__Your assignment__. Print the listing below a second time, exactly, and omit its images.

__Data section__.
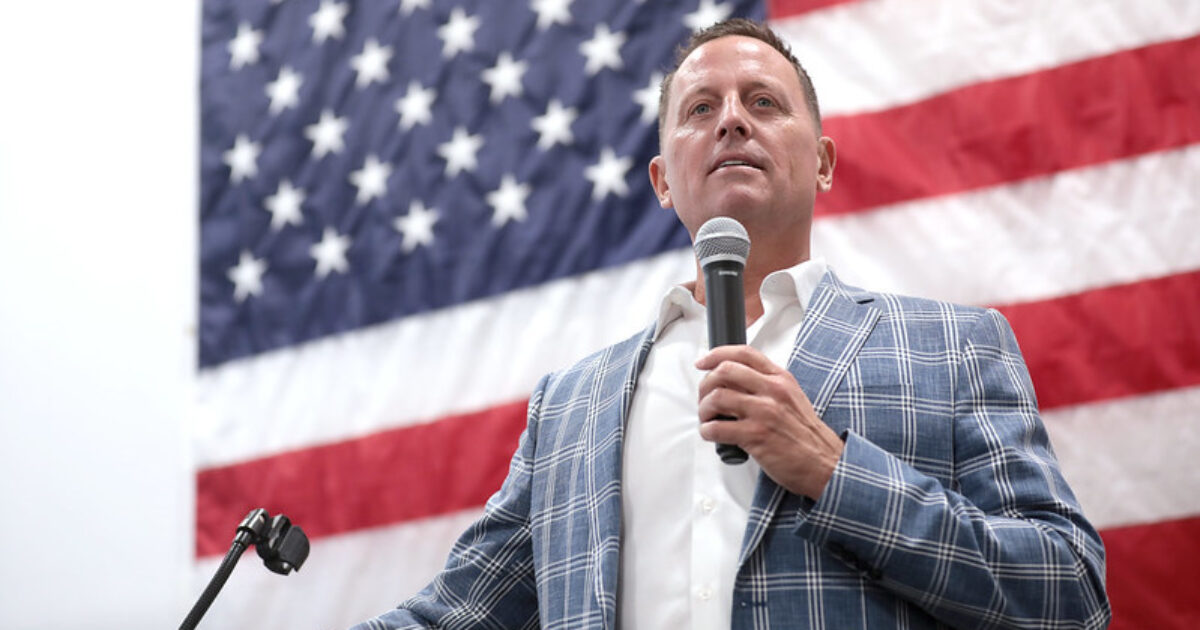 Según los informes, Ric Grenell considerando postularse para gobernador de California si Kamala Harris funciona | El experto de la puerta de entrada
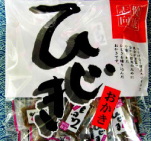 ひじきおかき（80ｇ）伊勢志摩産ひじき使用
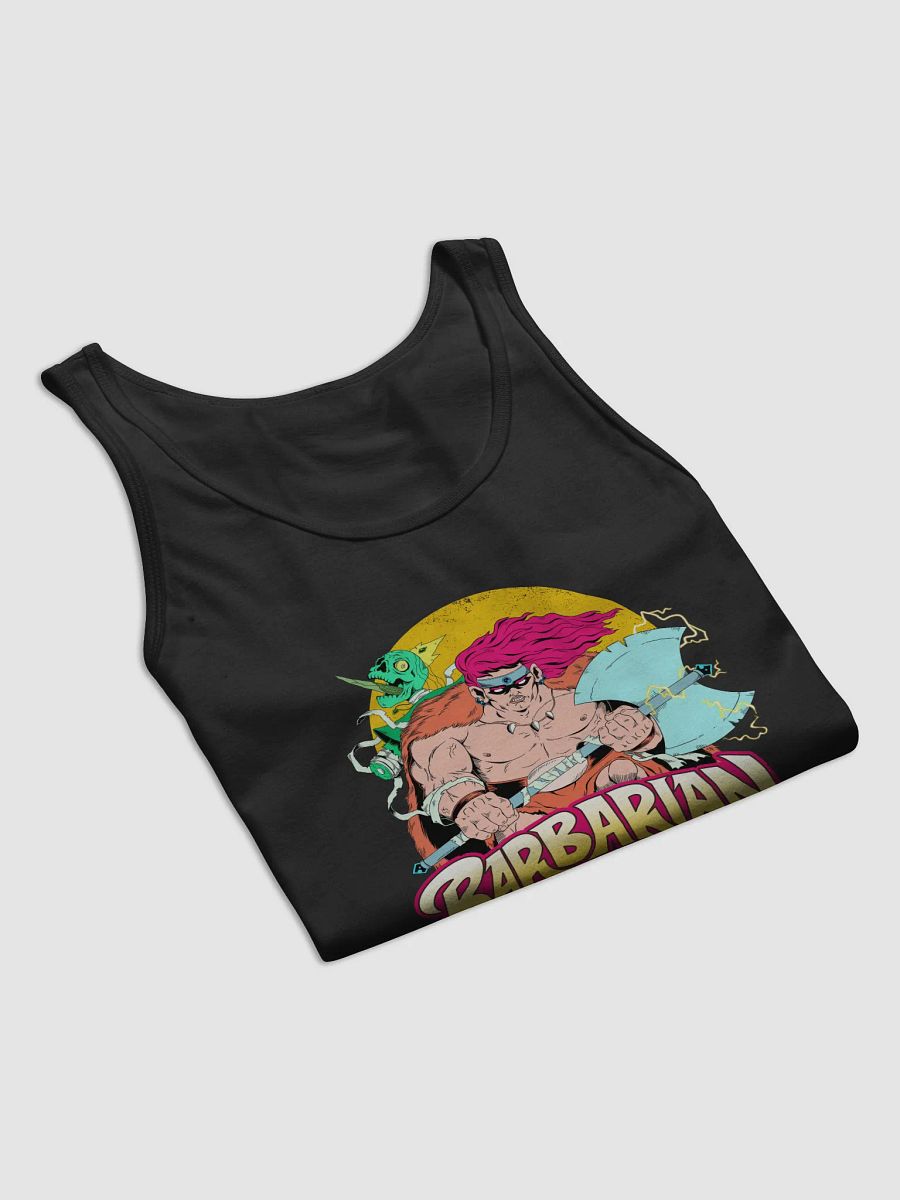Dark Fantasy Barbarian - Tank Top product image (22)
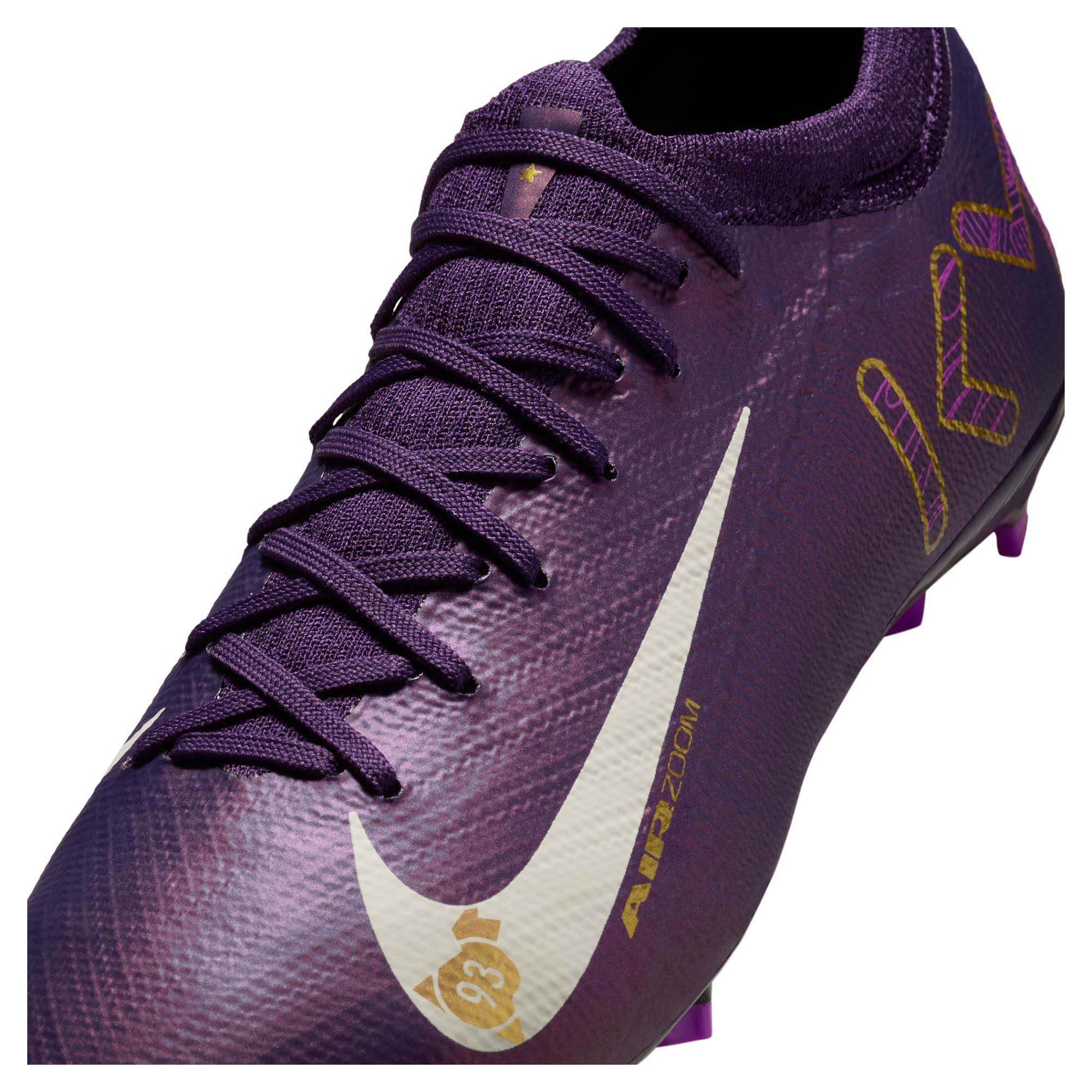Jr. Mercurial Vapor 16 Pro Kylian Mbappé Firm Ground Low Top Junior's Football Boots - Image 8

__Completed exercise__.
 Según los informes, Ric Grenell considerando postularse para gobernador de California si Kamala Harris funciona | El experto de la puerta de entrada
 ひじきおかき（80ｇ）伊勢志摩産ひじき使用
Dark Fantasy Barbarian - Tank Top product image (22)
Jr. Mercurial Vapor 16 Pro Kylian Mbappé Firm Ground Low Top Junior's Football Boots - Image 8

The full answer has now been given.